Robert Hunt

Profile
- Position: Offensive line coach

Personal information
- Born: July 22, 1975 (age 50) Hampton, Virginia, U.S.
- Height: 6 ft 2 in (1.88 m)
- Weight: 290 lb (132 kg)

Career information
- High school: Newport News (VA) Menchville
- College: Virginia
- NFL draft: 1999: 7th round, 226th overall pick

Career history

Playing
- Tampa Bay Buccaneers (1999)*; New Orleans Saints (1999); Frankfurt Galaxy (2000); New Orleans Saints (2000)*; San Francisco Demons (2001); New York/New Jersey Hitmen (2001); Kansas City Chiefs (2001)*; Buffalo Bills (2002)*; New York Dragons (2003)*;
- * Offseason and/or practice squad member only

Coaching
- Amsterdam Admirals (2005) Tight ends coach; Ferrum College (2005) Defensive line coach; Amsterdam Admirals (2006) Tight ends coach/special teams assistant; Amsterdam Admirals (2007) Tight ends coach/special teams coordinator; Howard University (2007–2008) Running game coordinator/offensive line coach; Toronto Argonauts (2009) Tights ends/offensive quality control coach; La Courneuve Flash (2010) Head coach; Bridgewater College (2010) Offensive line coach; Omaha Nighthawks (2011) Asst. offensive line/off. quality control coach; Omaha Nighthawks (2012) Offensive line coach;

Awards and highlights
- World Bowl champion (XIII);

= Robert Hunt (American football coach) =

American football player and coach (born 1975)

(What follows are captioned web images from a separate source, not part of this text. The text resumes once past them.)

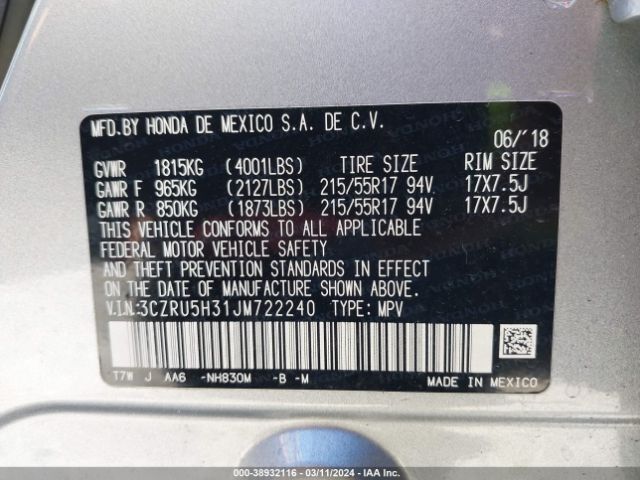 3CZRU5H31JM722240 Honda HR-V LX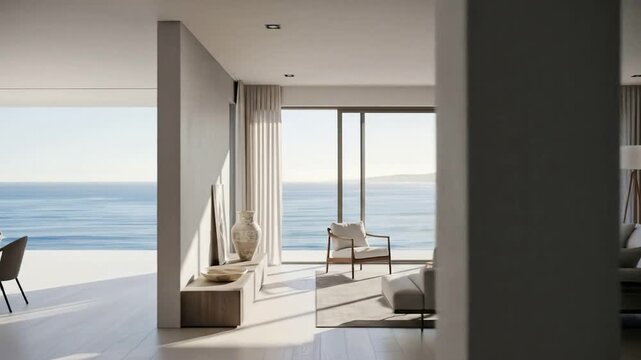 Serene Living Room Overlooking Calming Ocean View: Coastal Home Interior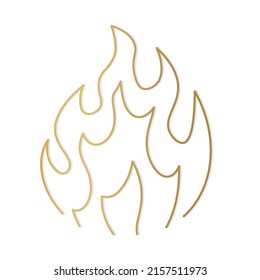 llamas de fuego dorado, hoguera -ilustración vectorial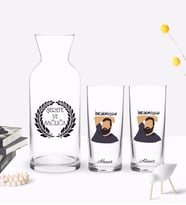 BK Gift Kişiye Özel Renkli Baskılı İncinmişşin Tasarımlı İkili Rakı Bardağı ve Karaf Hediye Seti-1 (Model 1)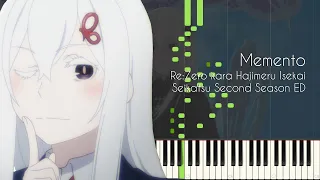 [FULL] Memento - Re:Zero kara Hajimeru Isekai Seikatsu 2nd Season ED - Piano Arrangement [Synthesia]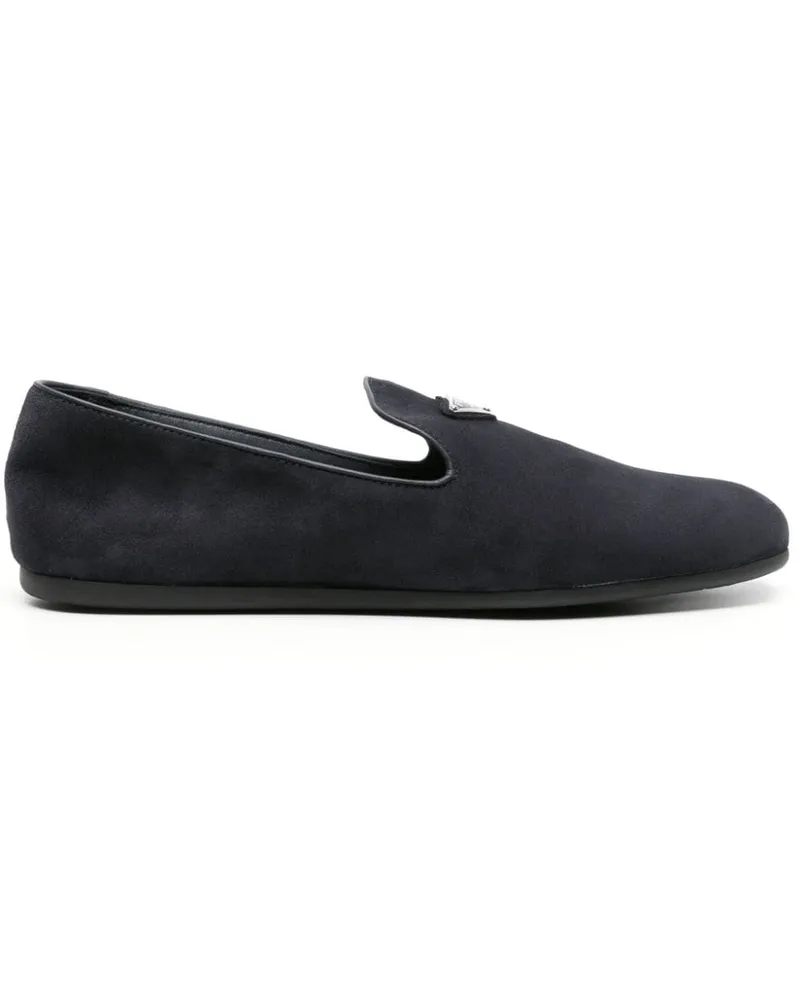 Prada Loafer aus Wildleder mit Logo - Blau Blau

Robert Hunt (born July 22, 1975) is an American football coach and former guard. He graduated from Virginia and played in the National Football League (NFL) for the Tampa Bay Buccaneers (drafted in the 7th round in 1999) and in NFL Europe for Frankfurt Galaxy (2000).

==Early life==
Hunt played high school football at Menchville High School in Newport News, Virginia, where he was a second-team Associated Press Group AAA all-state selection as a senior at offensive guard.

==Professional career==

Hunt was drafted by the Tampa Bay Buccaneers in the seventh round (226th overall) of the 1999 NFL draft.

Pre-draft measurables
| Height | Weight | 40-yard dash | 10-yard split | 20-yard split | 20-yard shuttle | Vertical jump | Broad jump | Bench press |
| 6 ft 2+3⁄8 in (1.89 m) | 291 lb (132 kg) | 5.17 s | 1.82 s | 2.99 s | 4.66 s | 24.0 in (0.61 m) | 7 ft 10 in (2.39 m) | 23 reps |
All values from NFL Combine

==Coaching career==

===Omaha Nighthawks===
Hunt was named assistant offensive line and offensive quality control coach for the Omaha Nighthawks of the United Football League on February 23, 2011. He was later made offensive line coach for the Nighthawks.